简体繁体 English

平面文件（orc，csv）是否比火花中的增量表更有效

[英]Are flatfiles(orc,csv) more efficient than delta table in spark

原文 2019-12-17 16:34:03 9 1 apache-spark/ pyspark/ apache-spark-sql/ databricks

I am working with around 16 delta tables with around 1 to 3 million rows in databricks.我正在处理大约 16 个增量表，数据块中有大约 1 到 300 万行。
So when I am trying to perform an operation like join and then delete or insert in these delta tables it is taking a long time.因此，当我尝试执行像 join 这样的操作，然后在这些增量表中删除或插入时，需要很长时间。
I have to do mostly insert and delete operations.我必须做的主要是插入和删除操作。 So should I use flatfiles instead of delta tables.所以我应该使用平面文件而不是增量表。 Or should i try merge with delta tables insted.或者我应该尝试与插入的增量表合并。

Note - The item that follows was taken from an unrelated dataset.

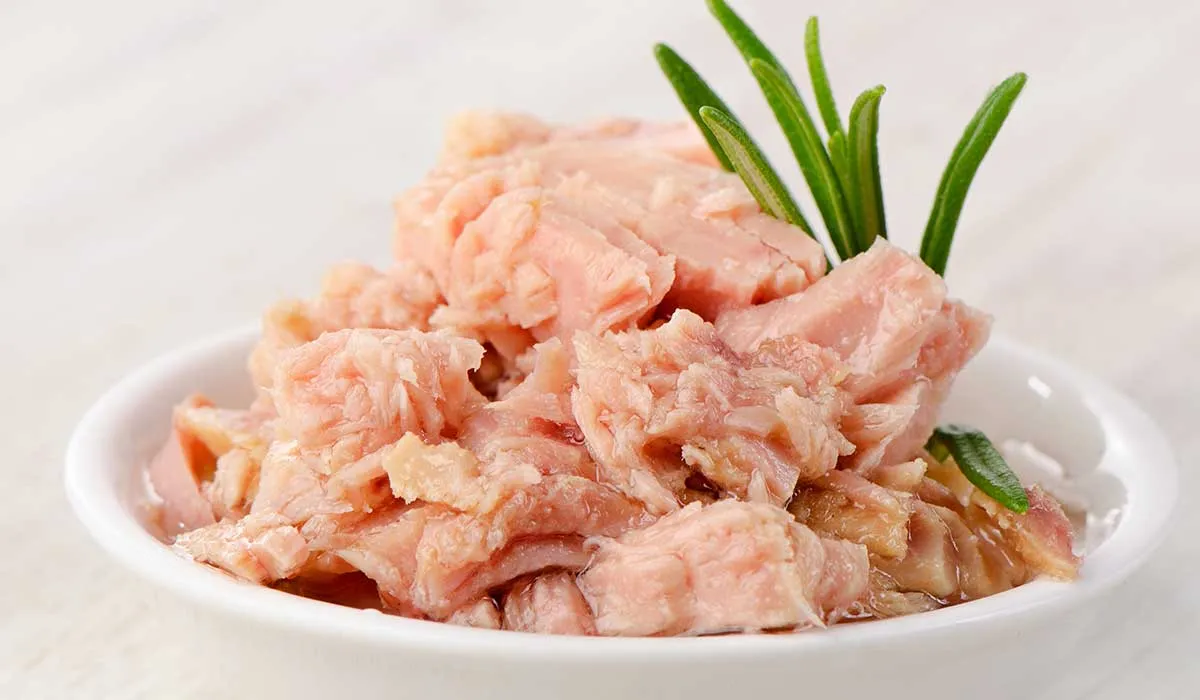 ¿existen riesgos al comer atún enlatado?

Hence I had doubts about what are the advantages of delta and why not use flat files?因此我怀疑 delta 有什么优点，为什么不使用平面文件？

Its a basic question but I am still new to databricks so any help would be nice.这是一个基本问题，但我对 databricks 还是个新手，所以任何帮助都会很好。

1 个解决方案

Andy, it totally depends on your needs and expectations, but delta tables help for many data-engineering challenges. Andy，这完全取决于您的需求和期望，但增量表有助于应对许多数据工程挑战。

Delta tables behave like a transactional log and can be very helpful for many scenarios like Time traveling . Delta 表的行为类似于事务日志，对于诸如时间旅行之类的许多场景非常有帮助。 This gives the ability to rollback , reproduce some experiments (reading an older version of the data), allows to analyze difference between data versions (changes).这提供了回滚、重现一些实验（读取旧版本数据）的能力，允许分析数据版本之间的差异（更改）。

Also when dealing with parquet, we don't have to rewrite the full dataset, we only write the updated data .同样在处理 parquet 时，我们不必重写完整的数据集，我们只写更新的数据。

If you don't need any of this, then maybe you can forget about delta tables and focus on pure performance.如果您不需要任何这些，那么也许您可以忘记增量表并专注于纯粹的性能。